Supplied material:
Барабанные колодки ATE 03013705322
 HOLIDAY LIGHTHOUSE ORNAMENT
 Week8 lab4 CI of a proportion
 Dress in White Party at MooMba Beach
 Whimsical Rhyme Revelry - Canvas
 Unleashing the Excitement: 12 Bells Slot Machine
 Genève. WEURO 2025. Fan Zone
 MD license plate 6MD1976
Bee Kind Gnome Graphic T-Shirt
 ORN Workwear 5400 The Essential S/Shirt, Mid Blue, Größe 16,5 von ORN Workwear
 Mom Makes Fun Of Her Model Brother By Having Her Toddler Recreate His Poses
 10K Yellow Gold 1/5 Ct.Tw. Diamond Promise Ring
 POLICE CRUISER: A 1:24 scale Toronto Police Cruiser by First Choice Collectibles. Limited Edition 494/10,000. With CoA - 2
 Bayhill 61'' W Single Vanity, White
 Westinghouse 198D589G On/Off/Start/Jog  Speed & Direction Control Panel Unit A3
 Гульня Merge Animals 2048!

Prompt: Only lines that contain "White" are needed, so copy each of them from the data.

Answer for this exercise:
 Dress in White Party at MooMba Beach
 Bayhill 61'' W Single Vanity, White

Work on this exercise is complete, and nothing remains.